Les filles se battaient pour obtenir ce qui leur était
interdit, pour des raisons soit de sexe soit de religion
(musulmane).
Toutes mes soeurs se sont d'une façon
ou d'une autre battues pour avoir le droit de choisir
leur vie, ce qui n'est pas chose aisée lorsque
vos parents ont déjà décidé
de votre avenir, tout simplement par ce que vous êtes
une fille et devez par conséquent être
davantage protégée.
Mes parents avaient l'habitude de
dire : «Une fille peut apporter sur sa famille
dix fois plus de honte qu'un garçon».
A présent, retournons à
notre session.
Le principal problème
trouvait ses racines dans les agissements de cinq
«mauvaises graines». Ces garçons
amenaient des armes à l'école. Les enseignants
avaient tout d'abord tenté de leur parler,
puis s'étaient adressés à leurs
parents (ce qui n'avait fait qu'aggraver la situation).
Nous ne savions pas comment gérer
cette situation, car nous n'avions aucune idée
des raisons de leur comportement. Ce jour-là,
nous étions trois (deux garçons et une
fille). Nous sommes entrés dans la salle dans
laquelle devait se dérouler la session ; tous
les élèves des classes de 5ème,
4ème et 3ème y étaient réunis.
Nous avons commencé par examiner les visages
en face de nous, en tentant d'évaluer les jeunes
à partir de leur apparence et de l'expression
de leurs yeux.
Nous avons tout d'abord constaté
un grand silence pendant notre discours, non pas parce
que ces jeunes n'avaient rien à dire, mais
parce qu'ils étaient en train «d'absorber»

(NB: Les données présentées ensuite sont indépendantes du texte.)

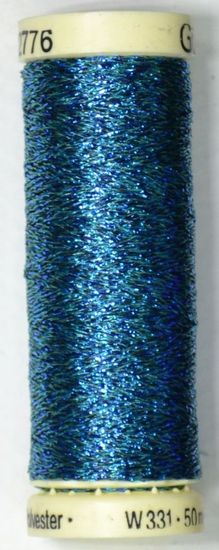 GUTERMANN, METALLIC EFFECT THREAD 50mtr SPOOL, Please Select Colour - Picture 10 of 13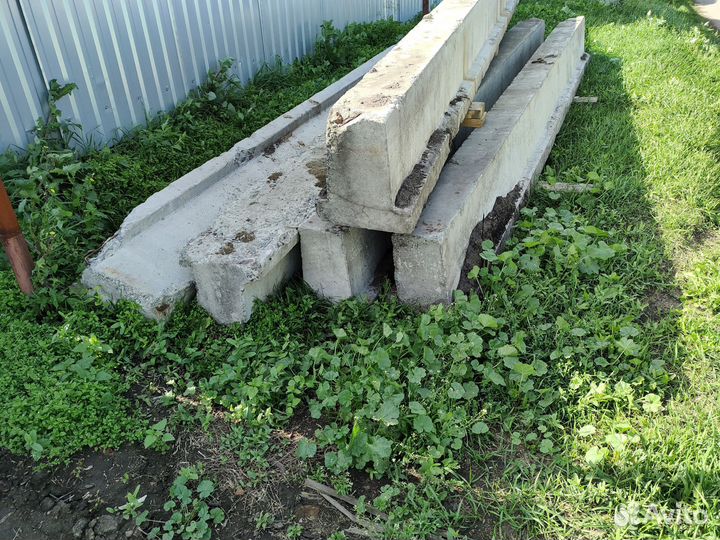 Жб ригель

ce que nous disions avant de commencer leur propre
«session». Chacun a eu la possibilité
de s'exprimer. Ensuite, nous avons commencé
à parler du cas de leur école ; peu
d'entre eux ont mentionné les cinq provocateurs.
Il aurait été facile
de désigner, d'accuser et de punir les coupables.

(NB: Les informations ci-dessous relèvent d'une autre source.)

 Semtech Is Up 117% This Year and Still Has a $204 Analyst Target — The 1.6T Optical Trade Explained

Mais, le problème n'en serait certainement
pas réglé pour autant. C'est pourquoi
nous avons essayé de trouver la meilleure solution
pour tous.
A la fin de la session, une fois
seuls, nous avons demandé aux fauteurs de trouble
d'expliquer les raisons de leurs agissements.
Il s'est avéré qu'ils
recherchaient une activité extrascolaire, parce
que l'école ne suffisait pas à remplir
leurs vies. Ils voulaient faire quelque chose d'excitant,
et n'arrêtaient pas de parler de RESPECT. Ne
disposant pas de moyens positifs pour s'affirmer,
ils recouraient par conséquent à la
solution de facilité, «la révolte».
Pour eux, le fait que les gens s'écartent dans
la rue en les voyant arriver était une forme
de respect. Nous avons fait tout notre possible pour
les convaincre que ce qu'ils prenaient pour du respect
était en fait de la peur et qu'il était
extrêmement facile d'effrayer les gens. Enfin,
nous les avons invités à visiter nos
bureaux, afin de voir s'ils pouvaient nous aider dans
notre travail.
L'une des raisons qui les a poussés
à nous écouter attentivement fut notre
approche du problème : nous avons tenté
de leur parler de choses sérieuses avec humour.

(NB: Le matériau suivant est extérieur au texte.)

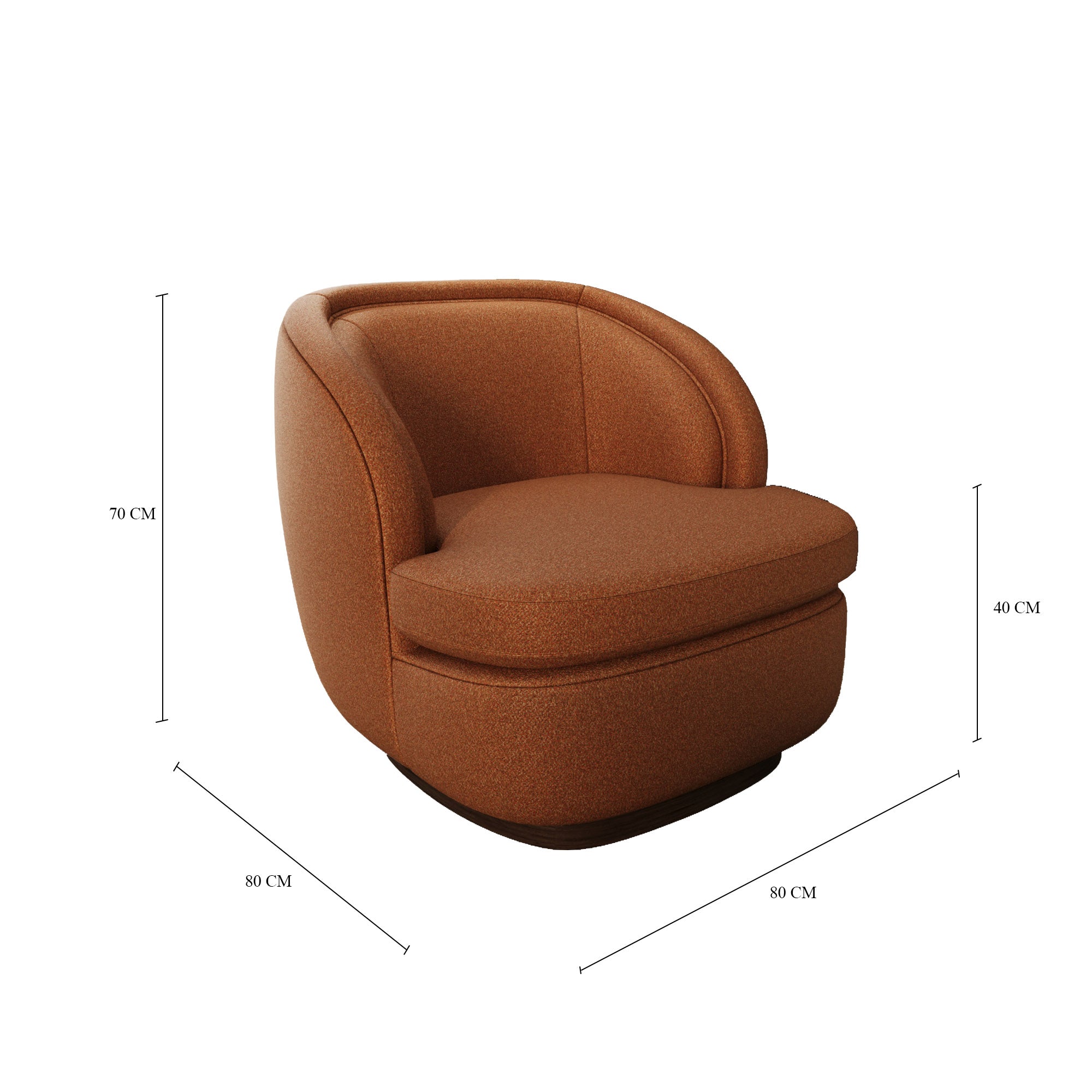 Rohan Accent Chair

Exagérer la gravité des choses et faire
rire sont des techniques souvent plus efficaces qu'un
discours sombre et ennuyeux, et le message passe mieux.
Les meilleurs et les pires moments
du projet
Les principaux échecs et
réussites
A plusieurs reprises, nous
nous sommes sentis pratiquement incapables de gérer
la situation, parce que nous pénétrions
dans des domaines nouveaux. Autres difficultés
: les travaux de bureau, mais aussi les questions
financières et administratives, les réglementations
juridiques concernant nos initiatives, les mailings
à 7000 personnes chaque mois, l'organisation
de concerts, etc.
Tout est complètement nouveau
pour nous ; nous tentons de nous faire aider le plus
possible mais, quelquefois, nous nous sentons au bord
de la dépression nerveuse. Bien que cela ne
dure qu'un temps, nous endurons une tension collective,
à cause du manque de soutien surtout. Alors,
nous regardons en arrière et réalisons
que, quels que soient les difficultés rencontrées
et le temps passé, tant que le résultat
vaut les efforts déployés et que les
gens concernés sont satisfaits, nous aussi
sommes satisfaits.
Nous nous sentions heureux après
une session, lorsque nous pouvions sentir et voir
la différence que nous avions su apporter en
écoutant et en parlant aux jeunes. Quelquefois,
des jeunes filles venaient me voir à la fin
de la session pour me complimenter sur mon travail.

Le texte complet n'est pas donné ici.